# What does a woman giving you her number mean nowadays



## Dan708 (Jul 27, 2015)

So yesterday, I was getting my oil changed at the car dealer and when I went into the waiting room, there was an attractive woman about my age waiting. I passed by her grabbing a soda and she smiled and I sat down a couple seats down and she smiled again. She was watching Netflix on her phone and I asked her if she was watching anything better than what the dealership TVs were playing.

We get to small talk about holidays, the long wait etc & she volunteers her name. Eventually she got up to leave and said nice to meet you. I never do this but I went over to the exit area and asked her for her phone number which she gave and commented that she never does that. 

I text her a little bit later and ask if she wants to grab coffee or a bite to eat sometime. She says she has dinner plans with her family but would be up to grab coffee later. She said she was glad I took a chance and asked her for her number. 

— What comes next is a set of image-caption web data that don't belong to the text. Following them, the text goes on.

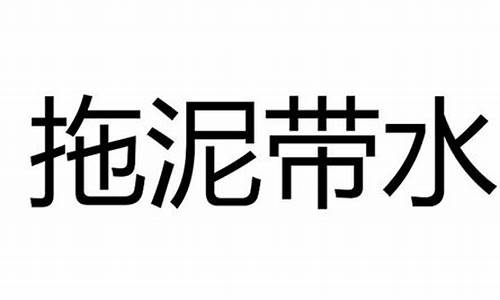 拖泥带水是什么意思解释词语和造句_拖泥带水打一个成语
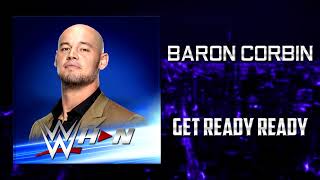 WWE Baron Corbin  Get Ready Ready Entrance Theme  AE Arena Effects [upl. by As]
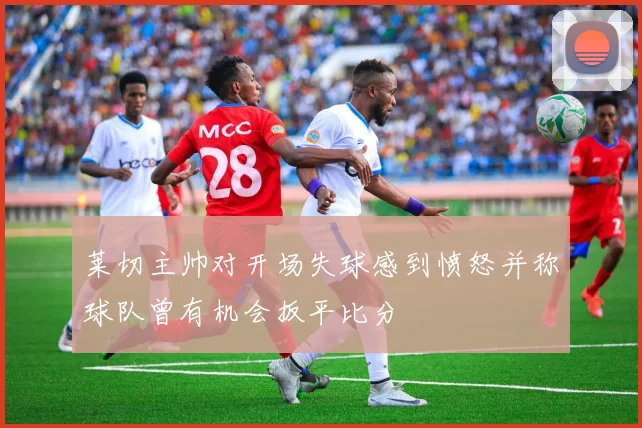 莱切主帅对开场失球感到愤怒并称球队曾有机会扳平比分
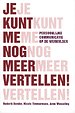 Je kunt me nog meer vertellen!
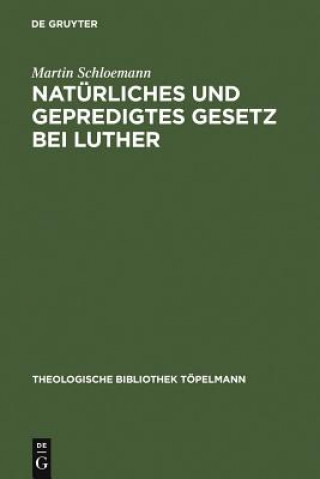 Könyv Naturliches und gepredigtes Gesetz bei Luther Martin Schloemann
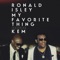 My Favorite Thing (feat. Kem) - Ronald Isley lyrics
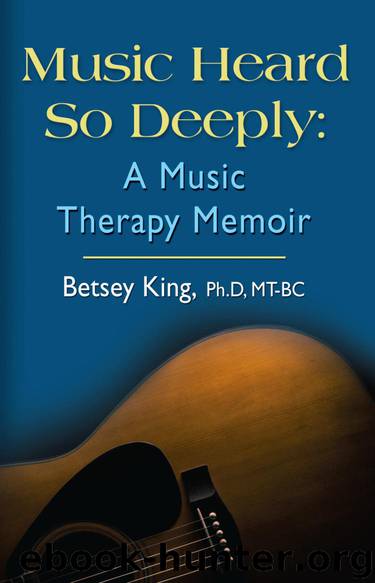 Music Heard So Deeply: A Music Therapy Memoir by Betsay King PhD MT-BC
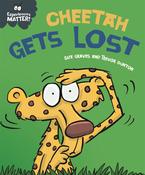 Experiences Matters: Cheetah Gets Lost image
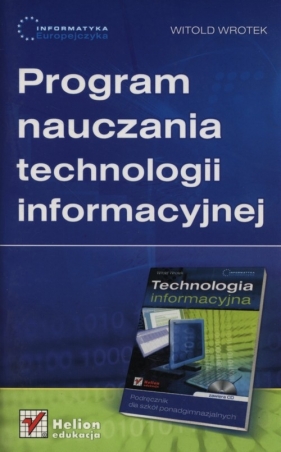 Informatyka Europejczyka Program nauczania technologii informacyjnej - Wrotek Witold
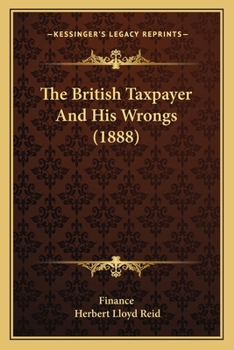 Paperback The British Taxpayer And His Wrongs (1888) Book
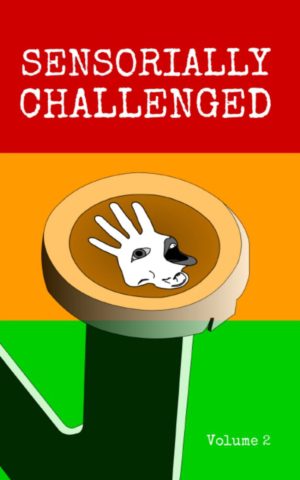 Sensorially Challenged Volume 2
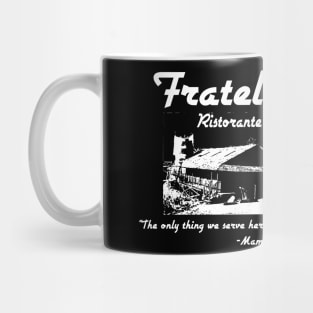 Fratelli's Restaurant Mug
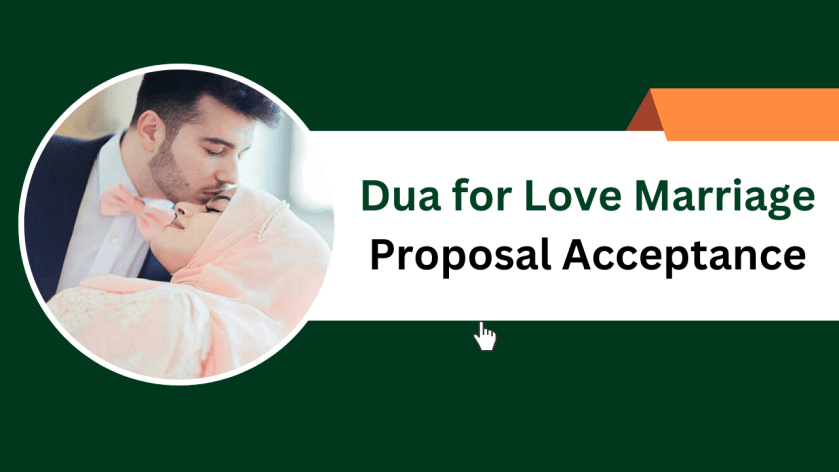 Dua for Love Marriage Proposal Acceptance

I’ve been out of the dating world for a while, and don't want to read to much into this. Since I've been out of the dating world for a while, what does volunteering your name to a stranger and then agreeing to give him your number mean nowadays?


----------



## Andy1001 (Jun 29, 2016)

Dan708 said:


> So yesterday, I was getting my oil changed at the car dealer and when I went into the waiting room, there was an attractive woman about my age waiting. I passed by her grabbing a soda and she smiled and I sat down a couple seats down and she smiled again. She was watching Netflix on her phone and I asked her if she was watching anything better than what the dealership TVs were playing.
> 
> We get to small talk about holidays, the long wait etc & she volunteers her name. Eventually she got up to leave and said nice to meet you. I never do this but I went over to the exit area and asked her for her phone number which she gave and commented that she never does that.
> 
> ...


It means she found you interesting and/or attractive and wants to meet you again.Dont read to much into it,almost every girl that has approached me over the years said the same thing that she doesn’t do it very often.
Just meet her and see how it goes.


----------



## SunCMars (Feb 29, 2016)

I know Andy is right about him and his exploits, his wins.

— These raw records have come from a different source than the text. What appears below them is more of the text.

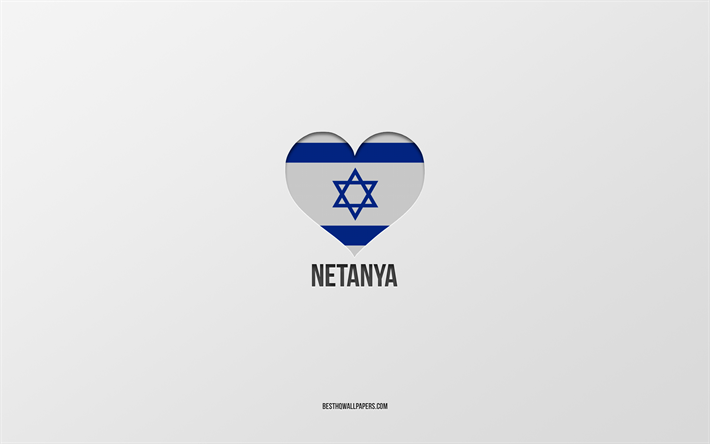 I Love Netanya, Israeli cities, Day of Netanya, gray background, Netanya, Israel, Israeli flag heart, favorite cities, Love Netanya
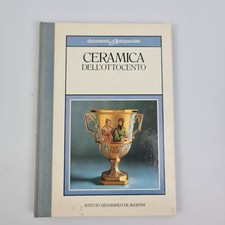 Ceramica dell'Ottocento De Agostini, 1984 LIBRO BOOK da Collezione Antiquariato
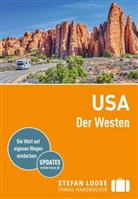 Maria Edwards, Stephen Keeling, Matthew Nelson, Matthew u Nelson, Todd Obolsky, Todd u a Obolsky... - Stefan Loose Reiseführer USA, Der Westen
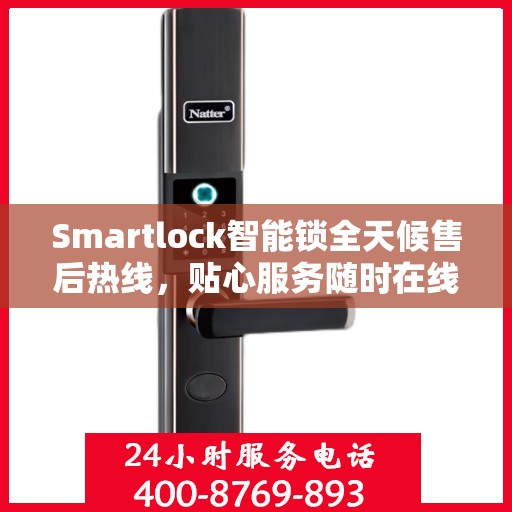 Smartlock智能锁全天候售后热线，贴心服务随时在线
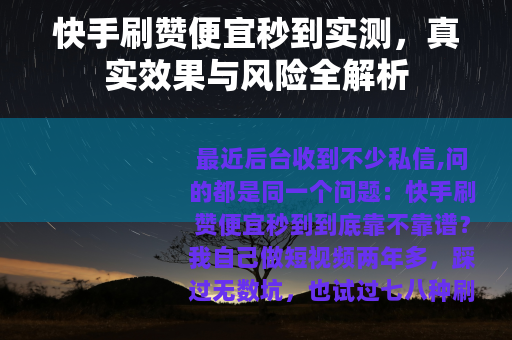 快手刷赞便宜秒到实测，真实效果与风险全解析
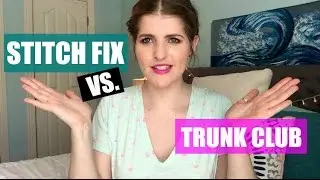 STITCH FIX VS  TRUNK CLUB | What's the verdict?!
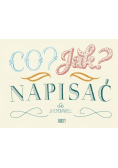 Co? Jak? Napisać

I hope he is ever so slightly wrong about yours...
Wrong about her number, kept out of sight, out of a worthy man's grasp.

Even, if not, she sounds like a tall platform, in the middle of a calm deep lake.
Dive in...see who you meet.

I hope she can swim deep, not only on the surface of things.

Good luck, good swimming.


----------



## Lostme (Nov 14, 2014)

If I was to give a guy my number it would mean just like it always had, call me sometime.


----------



## RandomDude (Dec 18, 2010)

Dan708 said:


> What does a woman giving you her number mean nowadays


Assuming she actually gave you her number and not just some random digits. Two words: 

Call me

That's it, no more, no less. Why not just call her and see where it goes?


----------



## ConanHub (Aug 9, 2013)

Uhhh.....

Uhh..
....

Uhhh.....


Call her?😵


----------



## RonP (Dec 6, 2017)

It means she likes you. Meet for coffee and see what happens next.


----------



## Cooper (Apr 18, 2008)

Come on, this is a silly post right? Do you think she is wondering what it means when a stranger asks for her number and than actually contacts her and wants to get together? I don't care how long you have been out of the dating game, you got a date, simple as that.


----------



## RandomDude (Dec 18, 2010)

Andy1001 said:


> It means she found you interesting and/or attractive and wants to meet you again.Dont read to much into it,*almost every girl that has approached me over the years said the same thing that she doesn’t do it very often.*
> Just meet her and see how it goes.


lol... I'm a good girl I swear! 

Signs she could be looking for a keeper too, if she's trying to impress OP in that manner...

So OP... what are you waiting for?


----------



## Dan708 (Jul 27, 2015)

Well thanks everyone for the input... we are meeting for coffee tonight... will let everyone know how it goes


----------



## RandomDude (Dec 18, 2010)

Yay! Now stop thinking so much and have fun!


----------



## Andy1001 (Jun 29, 2016)

RandomDude said:


> lol... I'm a good girl I swear!
> 
> Signs she could be looking for a keeper too, if she's trying to impress OP in that manner...
> 
> So OP... what are you waiting for?


I wasn’t looking for a “good” girl.😈


----------



## Dan708 (Jul 27, 2015)

So we met for dinner last night and ended up talking for about 2 1/2 hours which would have been longer if it hadn't been a Monday the next day.

I think it went well... it was funny though she thought I was younger than I am. I thought she was older, but not based on looks... more about how she conducted herself, etc. 

We're going to meet up again next weekend. She agreed there was some sort of "connection" between us so we'll see how it plays out.


----------



## GuyInColorado (Dec 26, 2015)

Nice... now do what I wish I would have done, keep meeting more women! It's OK to date 2-100 women at the same time. If you're a good looking and successful man, the world is yours to have!


----------



## Amplexor (Feb 13, 2008)

At my age? It probably means she's looking for a new bridge partner because her previous one died.


----------



## uhtred (Jun 22, 2016)

It means she would like you to call and probably go on some mild date (coffee etc). No commitment, but an interest in seeing if you enjoy each others company.


----------